The Weekly Standard ^ | 04/29/2002 | Reuel Marc Gerecht

Posted on 04/19/2002 9:20:34 PM PDT by Pokey78

Especially in the Middle East.

IT HAS RAPIDLY BECOME accepted wisdom in Washington that the United States is in ever-worsening trouble in the Arab Middle East. The collapse of the peace process between the Israelis and the Palestinians has, according to this zeitgeist, left America bereft of friendly Muslims in the region, thereby jeopardizing both the Bush administration's global campaign against terrorism and its inchoate plans to topple Saddam Hussein's regime in Iraq. In particular, Ariel Sharon's military incursion into the West Bank, which has reinvigorated in the Arab mind all the awful imagery of General Sharon's drive to Beirut in 1982, has crippled Secretary of State Colin Powell's quest for "an integrated strategy" for the Middle East and humiliated the president, who'd urged an Israeli withdrawal "without delay." American credibility among the Arabs, so the theory goes, is in tatters.
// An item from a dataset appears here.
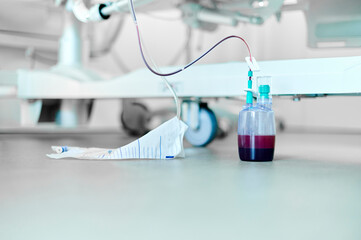 Tube connected to a gravity drainage device on a hospital room floor containing serum and blood from a patient after surgery. Essential medical equipment for monitoring postoperative fluid output.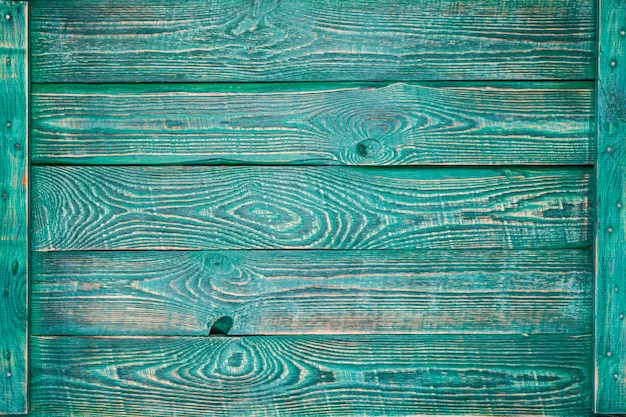 Foto fundo horizontal de tábuas de madeira pintadas com tinta verde e prendidas com uma prancha fina nas laterais.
Fortunately, this depiction of the United States in the Arab world makes no sense. The reverse is probably closer to the truth: that America is actually now in a far stronger position to prosecute a war against the Baathist regime in Iraq than it was before the Israeli Defense Forces reoccupied the West Bank. Its standing in the Arab world, that is, its ability to achieve its strategic goals, has gone up, not down, because of Israel's recent military operations. Israel's house-to-house combat in Jenin will undoubtedly reinforce Arab awe at Israeli prowess. This can only aid President Bush's larger war against terrorism rooted in Islamic militancy. Jenin, like the battle of Tyre, Sidon, and Beirut in '82, may make a real peace between the Israelis and the Palestinians of the West Bank and Gaza someday possible. One look at Palestinian chairman Yasser Arafat today--hyperventilating, shaking, stuttering in both English and Arabic, pathetically appealing to memories of "my brother" Israeli prime minister Yitzhak Rabin (as if that seasoned general wouldn't have pulverized the Palestinian Authority for its holy-warrior kamikaze attacks on Israeli civilians)--should tell us that we are probably at the dawn of a post-Arafat era in Palestinian politics. That would be very good, for only when Arafat is gone will there be a real chance for an adequate settlement of the differences among the denizens of the Holy Land.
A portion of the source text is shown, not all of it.